Александр Гордон
об Андрее Тарковском
Не утоливший жажды
Я тень из тех теней, которые, однажды
Испив земной воды, не утолили жажды
И возвращаются на свой кремнистый путь,
Смущая сны живых, живой воды глотнуть.
Арсений Тарковский
Как-то заела меня тоска жуткая. «В чем дело?» — спрашиваю себя. В доме я оказался один, жена уехала надолго, да ведь не в первый и не в последний раз. Дети давно живут отдельно. И одиночество я порой очень даже люблю. Словом, хандра беспричинная. В душе — серая мгла. И ничего не могу делать, только пасьянс и телевизор — хуже не придумаешь. Может, из-за осени? Хотя осень в этом году настоящая, правильная. Земля сырая, черная, лист кленовый, желтый, на черную землю лег. А все равно тошно.

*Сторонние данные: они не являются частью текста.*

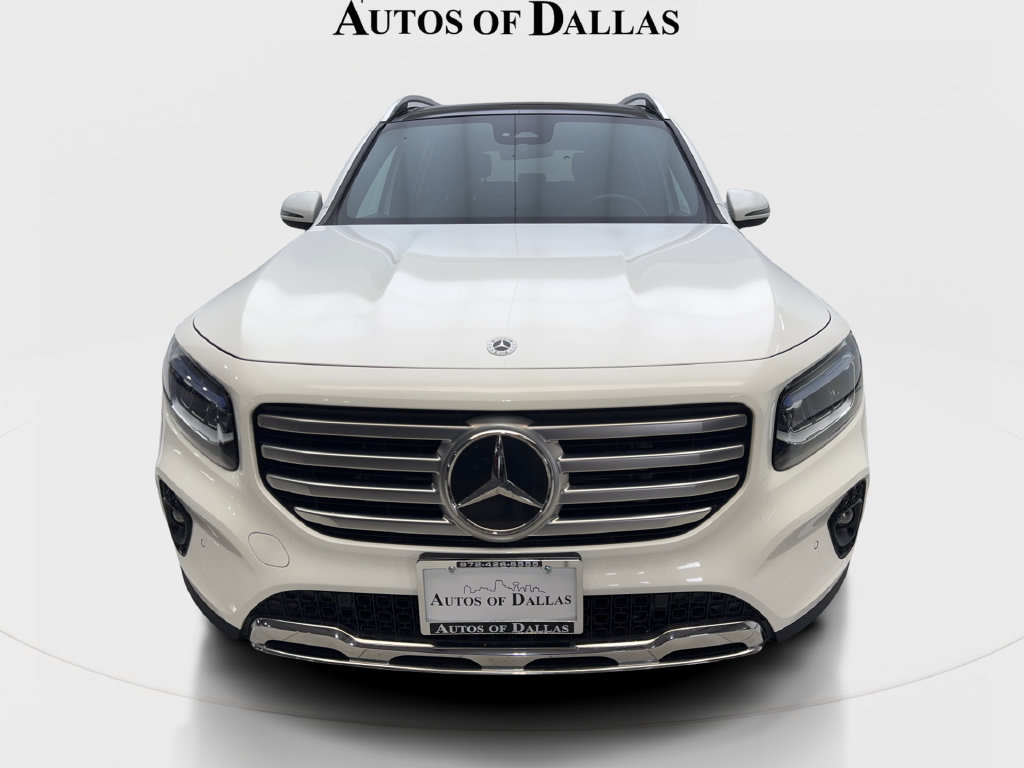 Used 2025 Mercedes-Benz GLB 250 4MATIC image 4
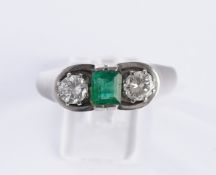 Ring, WG 585, 1 Smaragd im Treppenschliff, ca. 0.60 ct., 2 Brillanten zus. ca. 0.69 ct., weiß u. ge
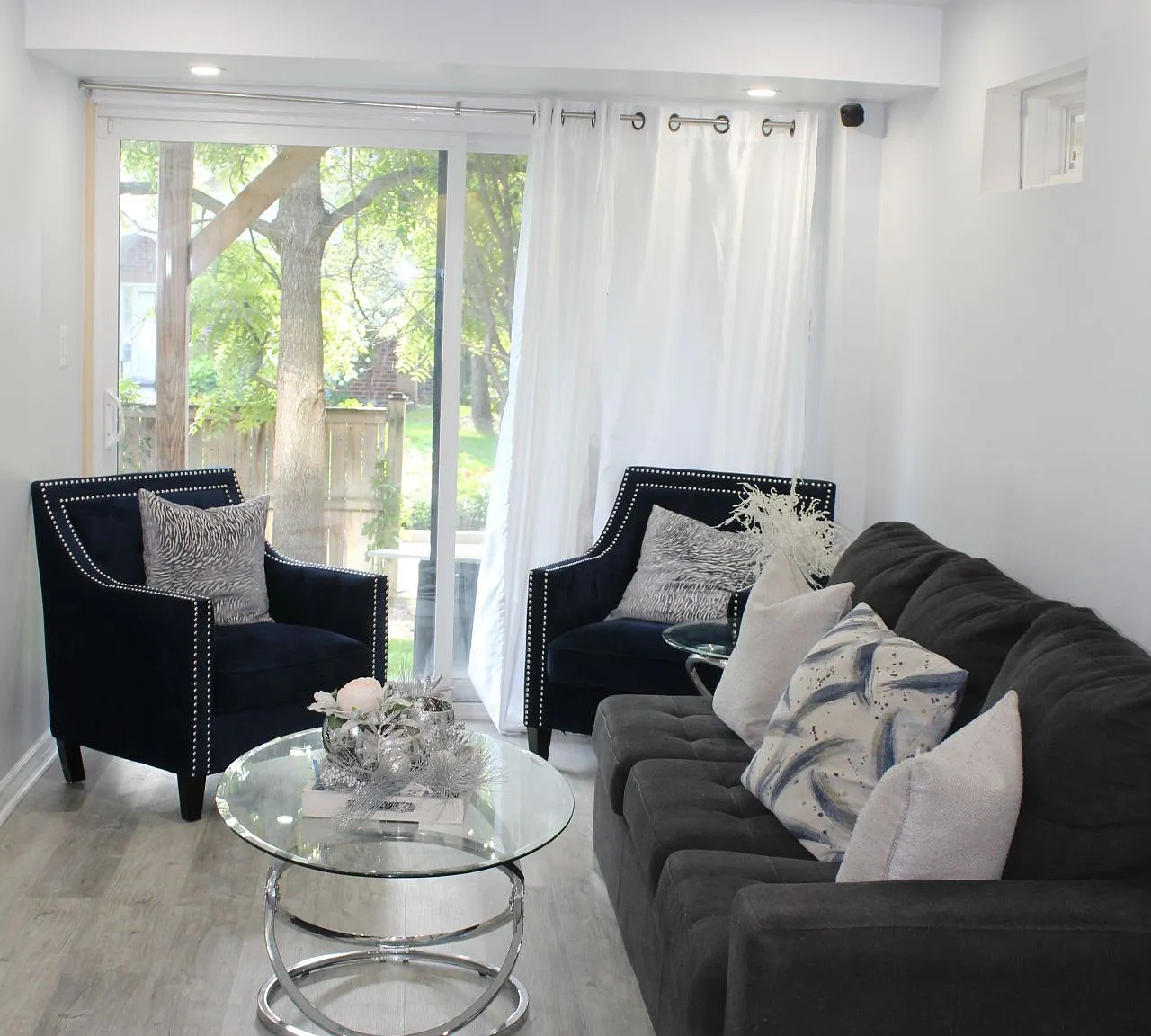 3 bed, $2,000 — Photo 3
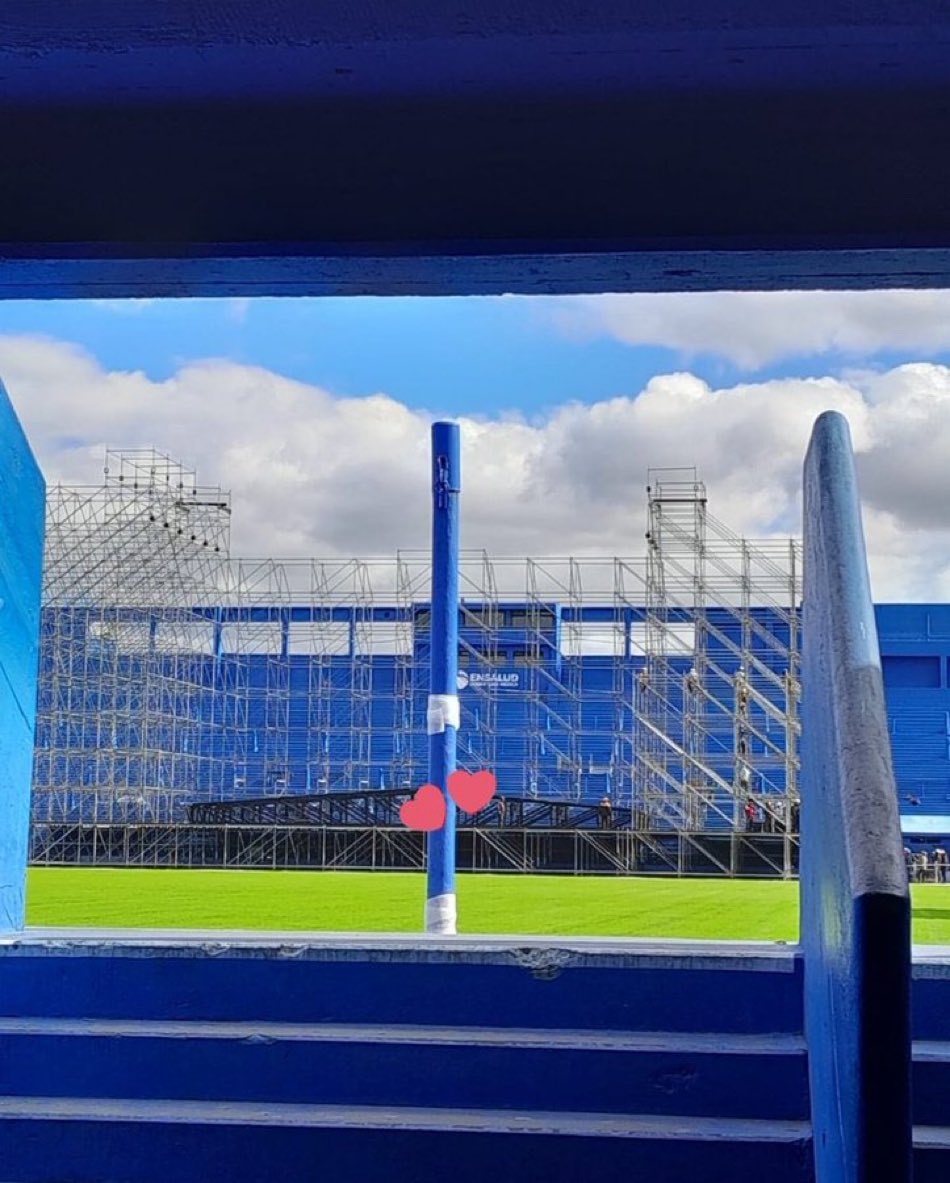LTWorldUpdates's tweet photo. 📸| ¡Armado del escenario en el Estadio Vélez!

—fitfenvelez https://t.co/okhruJJYBY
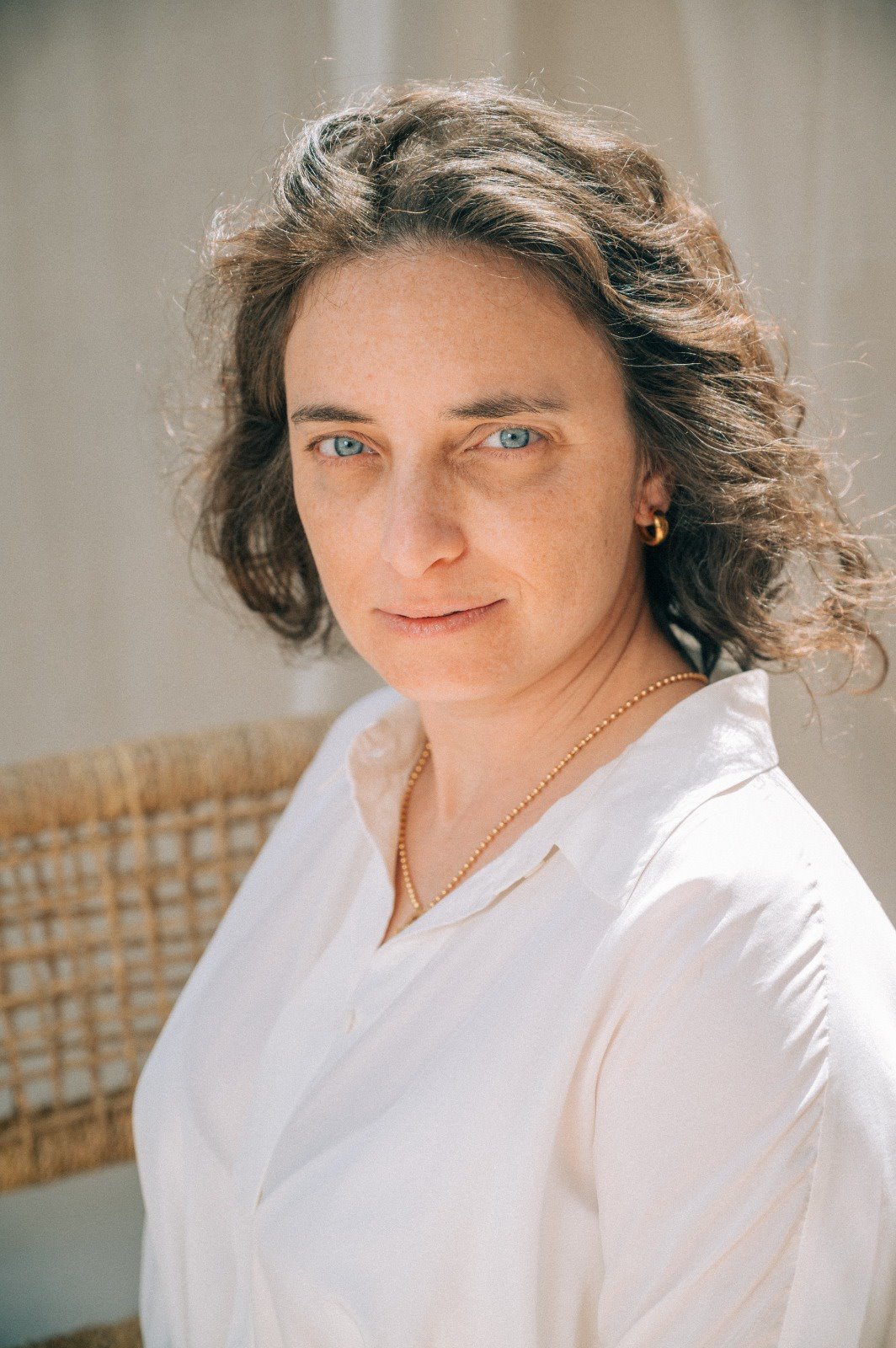 alt image
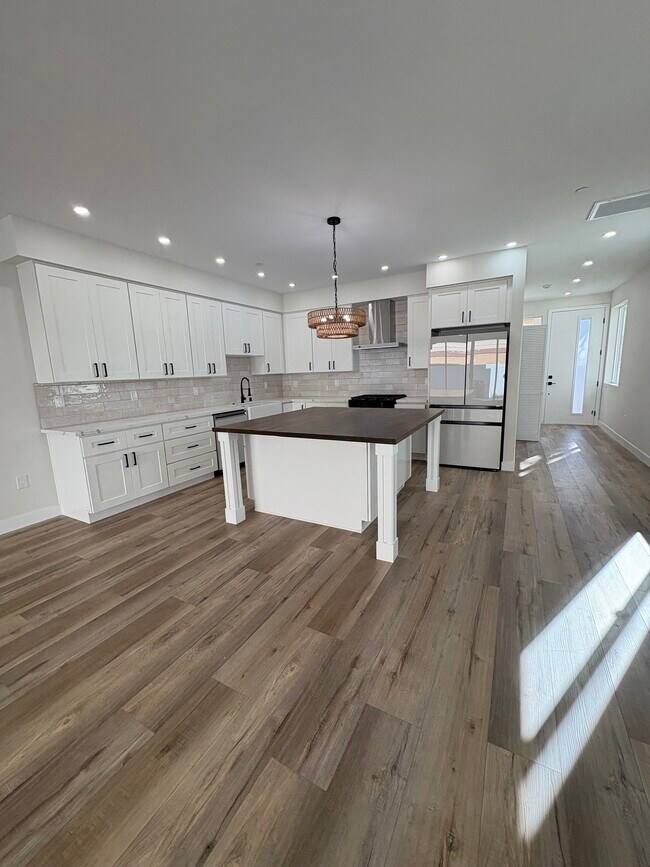 Building Photo - 258 Donax Ave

И тут — телефонный звонок и голос в трубочке дружески приглашает в гости! Боже, как кстати! Так радостен этот звонок, этот милый женский голос, что вся туча серых будней с их каждодневной нудой в момент исчезла, испарилась.
Я запасся своими лекарствами и пошел к «Юго-Западной». Спускаюсь в яму метро и целый час, с двумя пересадками еду в этом «Освенциме». Но настроение славное, выхожу из душного подземелья и дышу не надышусь самим воздухом, пусть сырым и пропитанным бензином, но все равно замечательным. И все замечательно. В гости иду к Гале.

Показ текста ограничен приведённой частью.